12 febbraio 2014 12:09

L’11 febbraio per il settimo giorno consecutivo si sono radunati dei manifestanti davanti al palazzo del governo a Sarajevo, in Bosnia Erzegovina.

Chiedono le dimissioni del primo ministro Nermin Niksic e le elezioni anticipate. Niksic rifiuta di dimettersi e anticipare le elezioni sembra una possibilità remota, a causa della complessità dell’amministrazione bosniaca, imposta dagli accordi di Dayton, dopo la fine della guerra nei Balcani.

Le proteste sono cominciate il 5 febbraio a Tuzla, la terza città del paese e il principale polo industriale, dopo che 200 operai sono stati licenziati. Nella città nel giro di poco tempo quattro aziende hanno dichiarato fallimento e la disoccupazione è al 40 per cento.

Il 5 febbraio a Tuzla negli scontri tra polizia e operai ci sono stati almeno 130 feriti, molti dei quali causati dai gas lacrimogeni.

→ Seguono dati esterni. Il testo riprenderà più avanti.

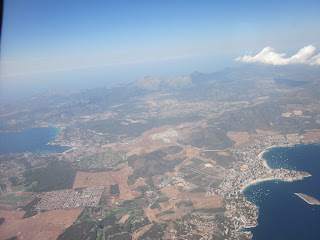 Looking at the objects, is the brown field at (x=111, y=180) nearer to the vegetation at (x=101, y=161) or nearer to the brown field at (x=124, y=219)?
the vegetation at (x=101, y=161)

Da Tuzla le manifestazioni si sono spostate rapidamente in tutte le principali città del paese. Per la prima volta tutte le comunità della Bosnia Erzegovina, senza distinzioni etniche, hanno fatto fronte comune in una protesta, contro la classe politica e per le riforme economiche.

Dopo la fine della guerra nei Balcani molte aziende sono state privatizzate, ma una classe politica poco preparata e un alto tasso di corruzione hanno impedito all’economia del paese di decollare.

In Bosnia Erzegovina la disoccupazione è al 27 per cento: si tratta del tasso più alto di tutta l’area balcanica.